Sunday, July 21, 2013

July 21

It would be easy for me to just continue on posting these entries every day without addressing an important truth, but I feel like I need to be straightforward. Some days, it's incredibly hard for me to feel, hear, see or even experience God in even the most rudimentary fashion. Lately, I've felt very spiritually dry; more emotional than usual and honestly, more combative against God Himself. I guess I could boil it down by saying that I'm angry. Over what? A lot of things. But I've come to a place where I know it doesn't help me to be silent and mad, and if me admitting that I feel this way now and then can be helpful to someone else going through a bad spell, then I'm glad to do it.

With that said, even when my reserves feel like they're gone and I'm taxed beyond what I feel like I can take, I know I still have to keep looking. And today, this is what I saw:

It is at face value, of course, the Little Boys. But it's more complicated than that. It's a snapshot of them, yes. But they're also sitting on a ginormous pool floatie that Adam's sister gave Isaac at today's family birthday gathering.
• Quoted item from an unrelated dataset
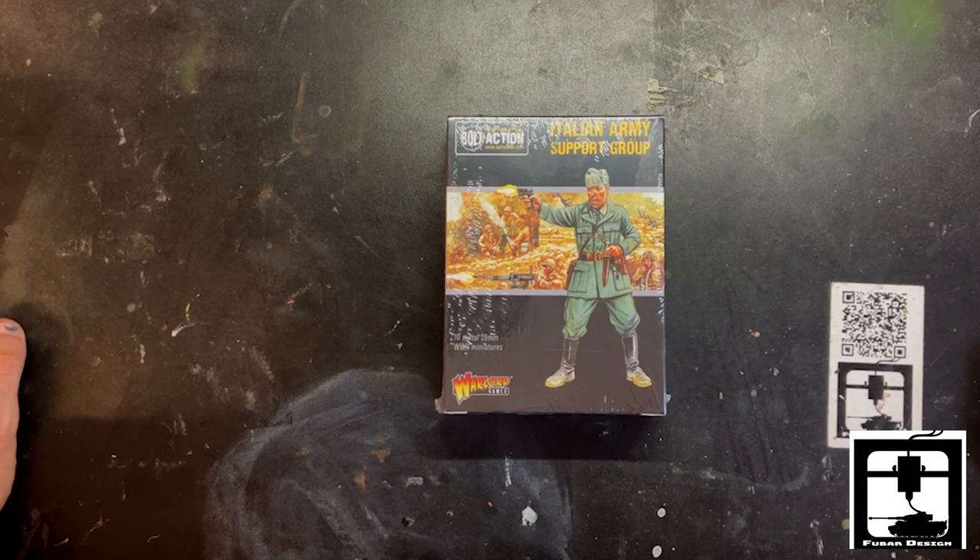Ciao! This is Gino from FUBAR Design. Today we have a very special unboxing of the Italian Army Support Group.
And the floatie is plunked down on the (granted, kind of disgusting) carpet that I own inside the family room of the house that I own. And Isaac is holding a jug of chocolate milk. So it's not just a picture of two of my kids or a snapshot of my reality, but also a reminder that I have the basics --more than the basics, in fact-- that help me function in this life: family, a home, food and some extras.

Even when I'm angry or frustrated or feeling disconnected, my needs are still being met. It's hard to remember and be truly, sincerely thankful for those things when my heart wishes for so much more --like my Sunshine-- but I'm working on it.